Professor pushes hard disk limits
Jimmy Zhu, an electrical and computer engineering professor, an Institute of Electrical and Electronics Engineers (IEEE) distinguished lecturer, and the holder of 12 U.S. patents, is currently the director of the Data Storage Systems Center (DSSC) here at Carnegie Mellon. Despite many contributions to his field of research, many CIT first-years know Zhu simply as an Introduction to Electrical Engineering recitation instructor. In an interview with The Tartan this past week, he shared details of his groundbreaking research, his current work, and some humorous anecdotes about grad school.
Zhu considers his work in the field of magnetic data storage — namely in hard disk drives (HDDs) — as his greatest research accomplishment. “When I was a graduate student in the mid-’80s,” he said, “the HDD could store only 10 megabytes, and people thought ... that was it!” To increase drives’ capacity, Zhu began work on the nanometer-scale microstructure of the metallic coating of the drive. This 10-nanometer-thick metal is filled with polar particles. When the transducer, which floats very slightly above the disk, applies a magnetic field, the particles line up in a certain way, some producing magnetic flux, others not. These physical states are analogous to ones and zeros, allowing data to be stored.

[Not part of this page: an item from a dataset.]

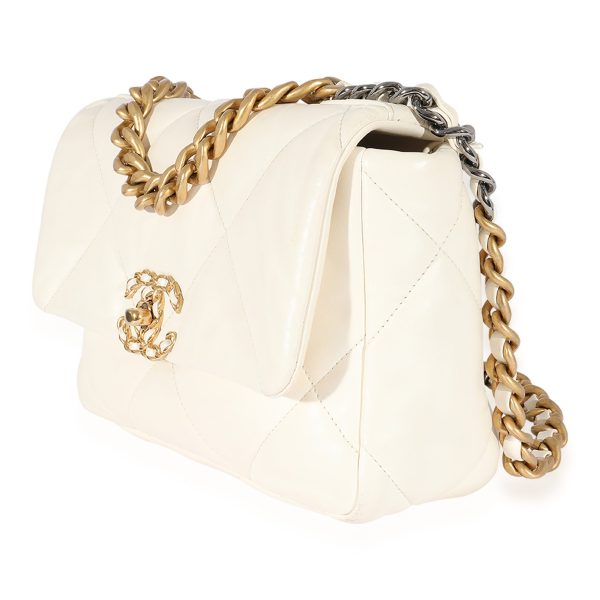 125132 sv Chanel White Quilted Lambskin Medium Chanel 19 Flap Bag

The process of keeping the transducer floating precisely over the disk, polarizing only the right particles, is immensely difficult, Zhu said. “In terms of scale,” he said, “it’s like keeping the Sears Tower hovering sideways a millimeter off the ground ... without consuming much power.” Ultimately, he developed this technology and revolutionized the field; in fact, Zhu’s method of magnetic data storage is still in use in the hard disk today, allowing drives to store terabytes of information.
Zhu is currently working with magnetoresisitive random access memory (MRAM). As the name suggests, this technology stores memory in magnetic states, which gives it three advantages over conventional static RAM and dynamic RAM. First, MRAM requires 10 times less power. Second, since it retains information even when the computer is powered off, booting up with MRAM is instantaneous. Last, it is far more secure than conventional RAM in outer space, where cosmic rays can disrupt data.
While he is heavily involved with research, Zhu shared some of his more light-hearted pursuits as well. He reminisced about his time at the University of California, San Diego, and how he often gathered his fellow researchers for a game of basketball to escape the monotony of the lab. He also enjoys traveling, both for work and to meet up with acquaintances around the world. “I’ve graduated 35 Ph.D. students, and I’m often invited to dinner with them when I visit the area,” he said.
When asked about his long list of achievements, Zhu said that he owes a lot to his physics and engineering backgrounds: “From my graduate school days, I’ve had the mind of an experimentalist. As an engineer, I can apply the results of these experiments to the real world.”
Over time, he said, he has developed his own personal philosophy, one that can apply to researchers in all disciplines. “When it comes down to research, I know I’ve got to make a measurable impact.... That’s my criterion for success.”